PRESS RELEASE

Road planners need reality check

19/10/09 – for immediate release

Save Swallow’s Wood today spoke out against the plans for a Mottram bypass being promoted by Tameside Council. Determined to progress a road scheme in some form, Tameside are promoting a shorter scheme than the Highways Agency scheme, that would follow a similar line to a section the grey route, which was rejected by the Highways Agency and all the local authorities when various route options were evaluated back in October 1993 [2]. Although the shorter scheme will spare the Swallow’s Wood Nature reserve, farmland, and Hollybank Quarry, campaigners remain dedicated to opposing any road proposal.

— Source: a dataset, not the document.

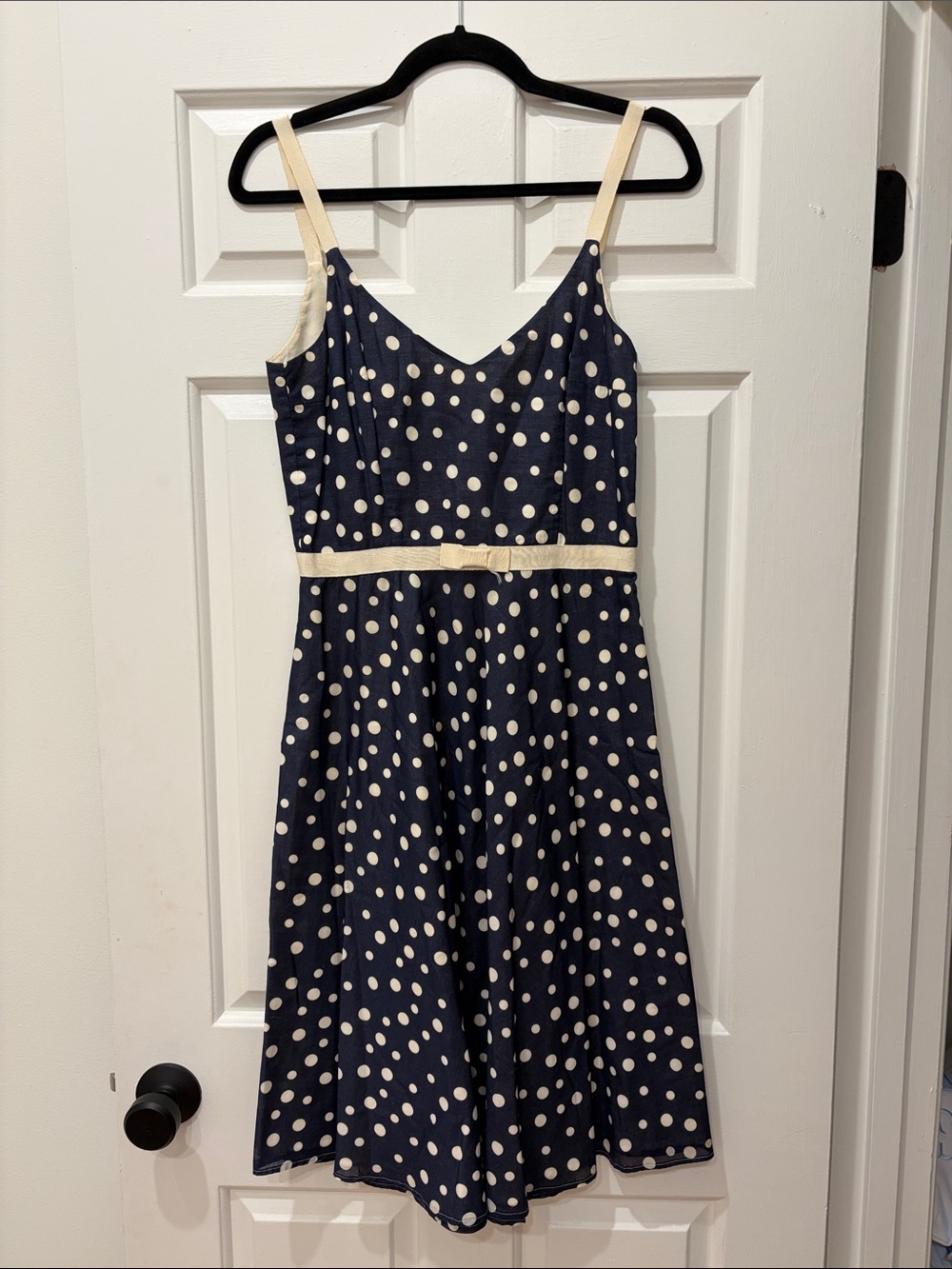 Searle Navy Polka Dot Midi Dress with Cream Trim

Emma Lawrence from Save Swallow’s Wood said:

“£100,000 on relocating the Mottram Show at a time when public services are threatened with cuts doesn’t make sense, particularly when so much money has already been wasted on this particular scheme and – despite Tameside’s confidence – there’s no guarantee that the scheme will go ahead. For a fraction of the cost Tameside could get behind a Park-wide lorry ban, which they now say they support, and improvements to public transport – improving access to jobs for those most in need - and promote walking and cycling, reducing the impact of the school run and rush hour. The end of the Inquiry should have prompted a rethink at Tameside, but they seem as determined as ever to build a road somewhere in Longdendale, and their insistence that no inquiry is necessary is worrying: if the scheme they devise is as half as bad as the one the Highways Agency thought up, the impact on the villages – particularly Hollingworth and Tintwistle – could be devastating.”

Notes for Editors:

For more information, contact: Emma Lawrence on 0845 226 3392.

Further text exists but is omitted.